So does the public really have "the right to pry into whatever the government does because it owns the government?" Do we have the right as ordinary citizens to pry into military secrets, diplomatic secrets and other national security secrets? To demand the inspection of military offices and facilities allegedly for the purpose of "identifying places of detention"? Perhaps to find where all the desaparecidos are being kept and tortured? To demand the Supreme Court's protection when we are harrased by men in bonnets on motorcycles?
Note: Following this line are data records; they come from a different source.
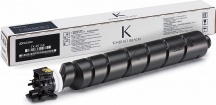 KYOCERA 1T02ND0NL0 Toner Originale Laser colore Nero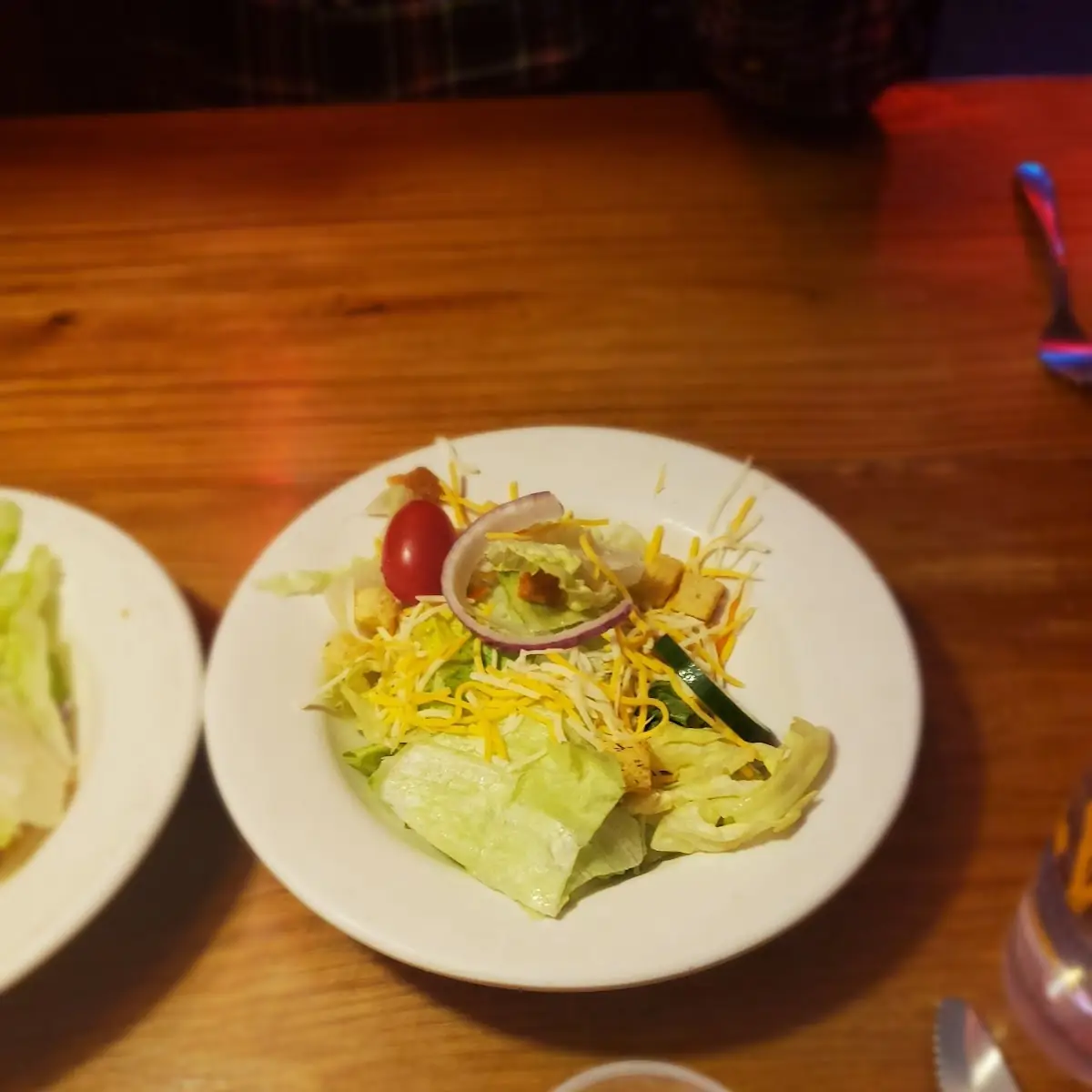 House Salad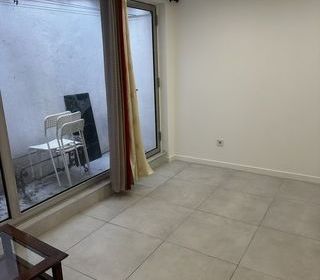  Appartement � louer 2 pi�ces 35 m�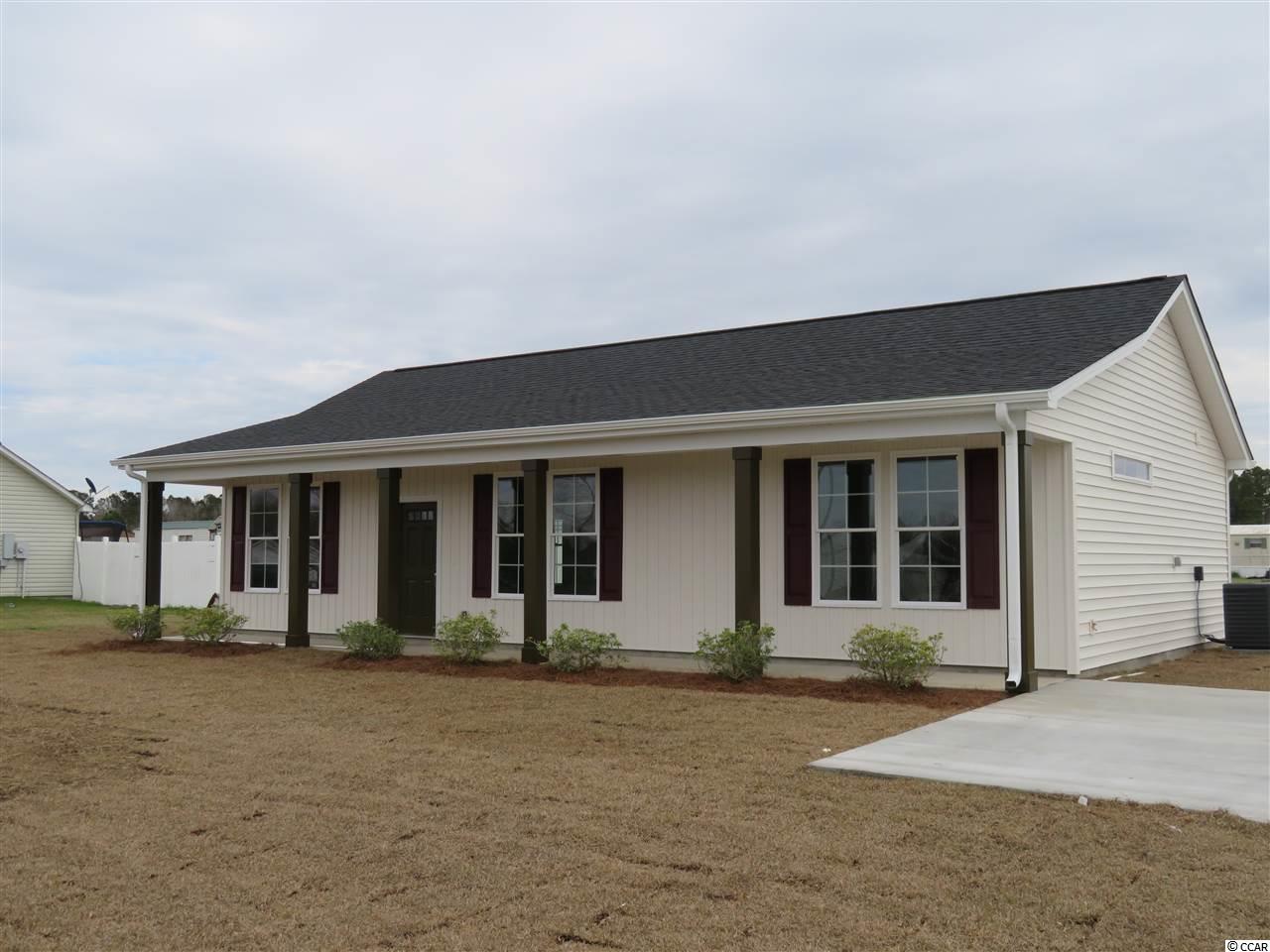 495 Hallie Martin Road Conway, SC 29527 - Photo 2 of 20 Gallery Image 2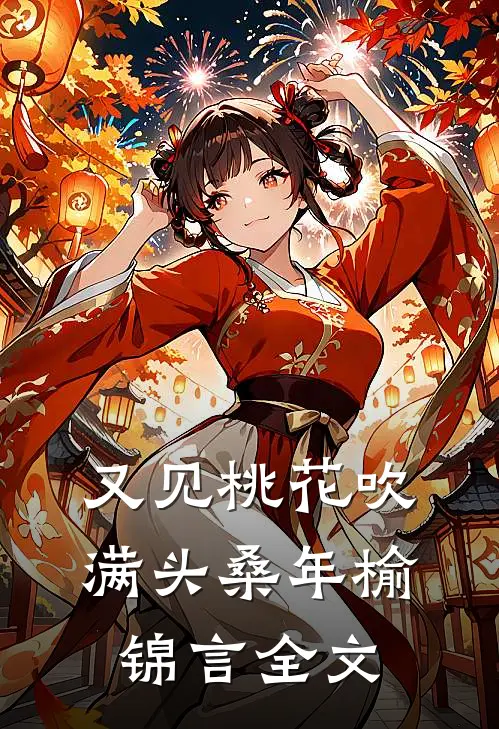 又见桃花吹满头桑年榆锦言全文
Three emphatic WRITS OF AMPARO issued by the Supreme Court seems to be a flexing of the Judiciary's muscles (PDI) against the government, police and military and on behalf of whom?
May we force open for our examination and disposition any and all records of the government or any private or public institution that keeps "databases or stores of information" that may contain data about us, with the power to have such information expunged if we, "by self-determination" consider them to be erroneous or offensive to us? We won't know for sure until the Supreme Court issues a WRIT OF HABEAS DATA for our edification.
What I think Mr. Buencamino actually means is that we ought to have the right, and that it would be awfully nice if we could know instantly about every act of wrongdoing that happens in the government. The problem in real life is that we cannot judge beforehand whether some wrong doing is involved or not.
But I think the public's right to know is way over-rated as "the surest and best defense of the state..." as MLQ3 claims. It presumes that the power of OBLOQUY or public ridicule resulting from exposure on the front pages, is still an effective deterrent, antidote or punishment for acts of government wrongdoing and corruption.
I think the Power of Obloquy in the main stream media has long been blunted by over-use, the ennui of familiarity. No more is the old Voice of Omniscience of mass media. Of course we want an open society, marked by a vigorous and free press. And Press freedom allows even a kind of journalistic jingoism, gang-banging journalism that uses intrigue and innuendo to electrify the game and the players into often self-revealing animation or reaction.
But "the public's right to know" as practiced by even the Freest Press imaginable cannot be the "best and surest defense" and cannot be reasonably given priority over the needs of national and state security. For one thing, there is a great deal more to the Press and journalism than those serious exposes and tendentious editorials.
It is no exaggeration to say, for example, that Press Freedom, because it is based on Freedom of Speech and Expression, includes the right to literally tell tall tales, to sell advertising, to publish comics and entertainment columns, inane pictures, social gossip columns and solipsisms, obituaries, New Age fairy tales, as well as to make front page headlines and serious columns and editorials. But from the constitutional standpoint, all these genres of the Mass Media are equivalent in standing and protection before the Law.
Clearly it is a social good of the highest order, this right of the public to know or more accurately, the right of the public to find out and or be entertained.
Given what the Supreme Court is doing now, I have a feeling we shall actually discover how relatively benign is the practice of the Public's Right to Know when wielded by newspapers, radio and television!
The Supreme Court is getting into the business of the Right-to Know, maybe from reading PDI and the Business Mirror too much, has flung wide open the Judiciary's doors, come one, come all, ye activists, clerics, journalists and judges. The High Court is handing out Writs of Amparo like hotcakes.
But I could not say the following any better than Viking in that previous comment thread on this topic, where he says
The full exercise of the 'right to know' doesn't guarantee access to the correct information, and even if the info disseminated were correct, access to media and interest in subjects is uneven. Let me just say that 'right to know' is a necessary condition for democracy, whether that right is used by the press or a branch of government.Necessary but insufficient, and dangerous!
The Supreme Court is playing with fire, in my humble opinion with the writs of amparo and habeas data. Like the Senate executive session leak, this may turn out to be another example of one institution abusing its privilege and discretion, unwisely and imprudently.